Records shown START

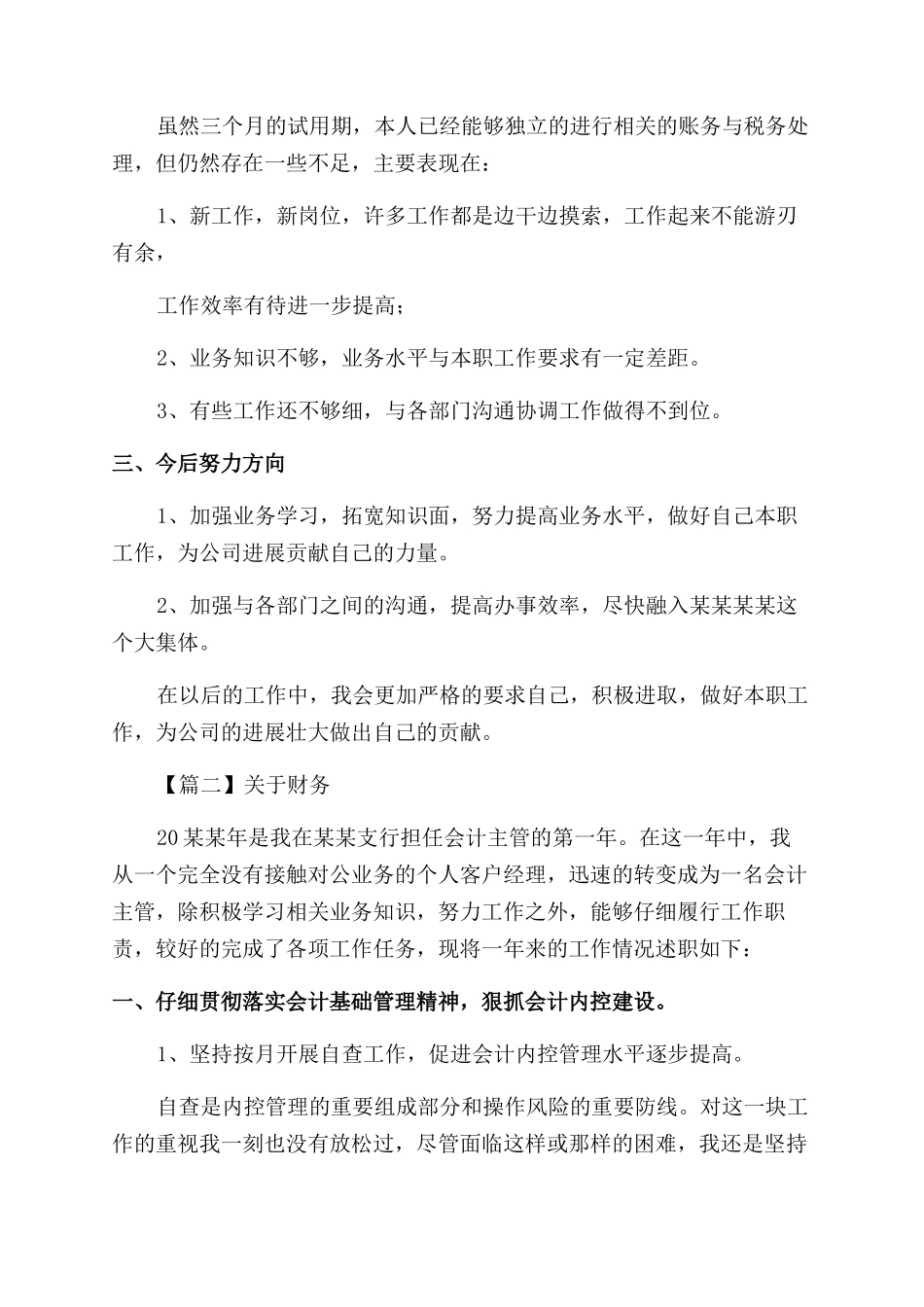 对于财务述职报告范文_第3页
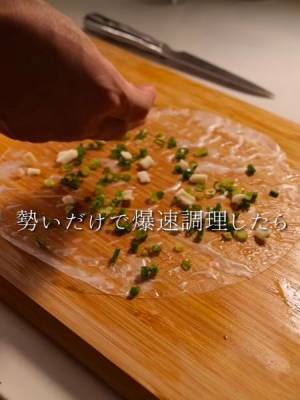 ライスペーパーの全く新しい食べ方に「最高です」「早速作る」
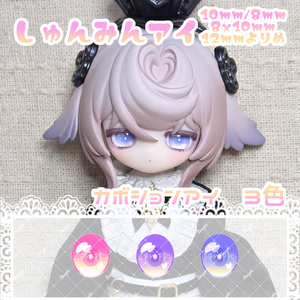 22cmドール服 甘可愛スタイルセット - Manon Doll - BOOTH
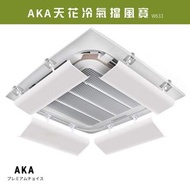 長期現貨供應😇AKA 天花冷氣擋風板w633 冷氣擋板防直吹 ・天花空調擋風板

Records shown END
Records shown START

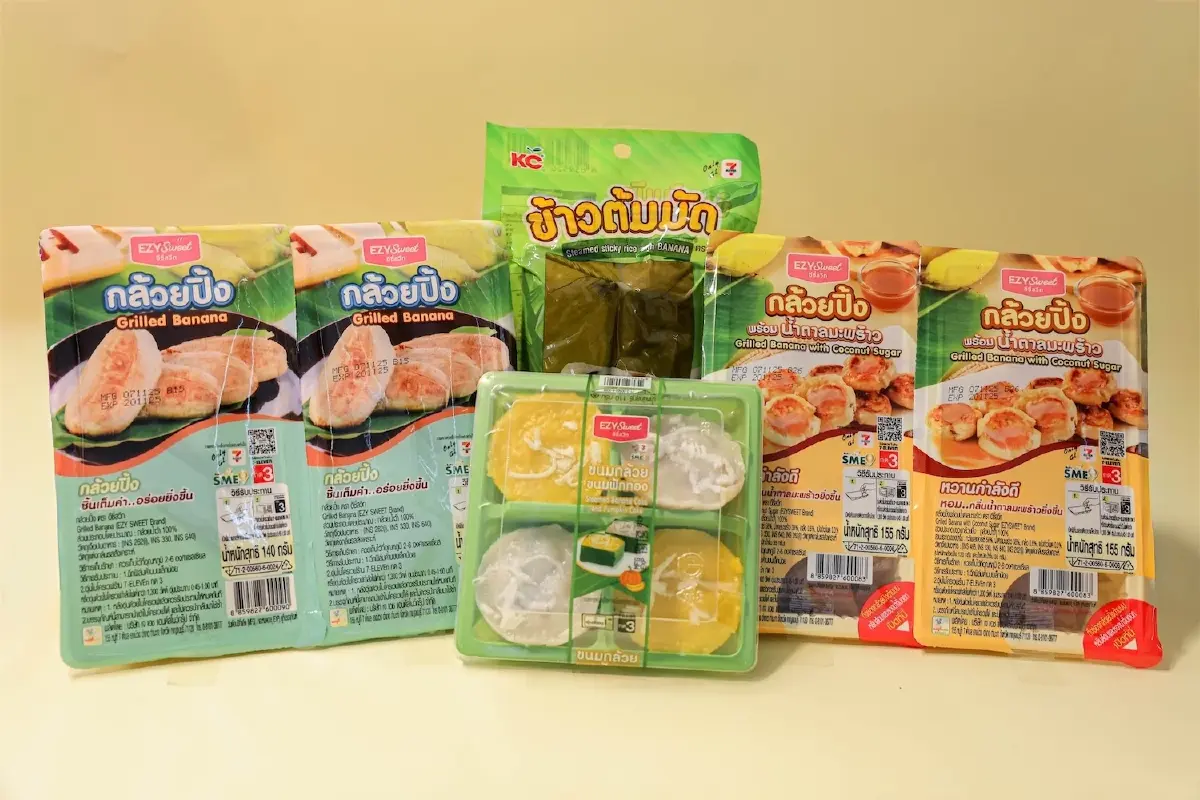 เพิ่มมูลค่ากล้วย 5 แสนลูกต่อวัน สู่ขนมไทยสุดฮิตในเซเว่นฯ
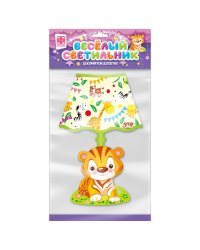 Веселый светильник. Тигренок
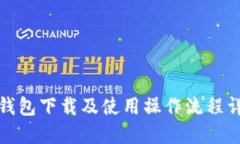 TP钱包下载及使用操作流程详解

Records shown END

Prompt =
Every line above in the stretch from the one with "ライスペーパーの全く新しい食べ方に「最高です」「早速作る」" through the one with "長期現貨供應😇AKA 天花冷氣擋風板w633 冷氣擋板防直吹 ・天花空調擋風板" is to be transcribed exactly, ends included. No picture is copied.

Output of the task =
 ライスペーパーの全く新しい食べ方に「最高です」「早速作る」
 22cmドール服 甘可愛スタイルセット - Manon Doll - BOOTH
 長期現貨供應😇AKA 天花冷氣擋風板w633 冷氣擋板防直吹 ・天花空調擋風板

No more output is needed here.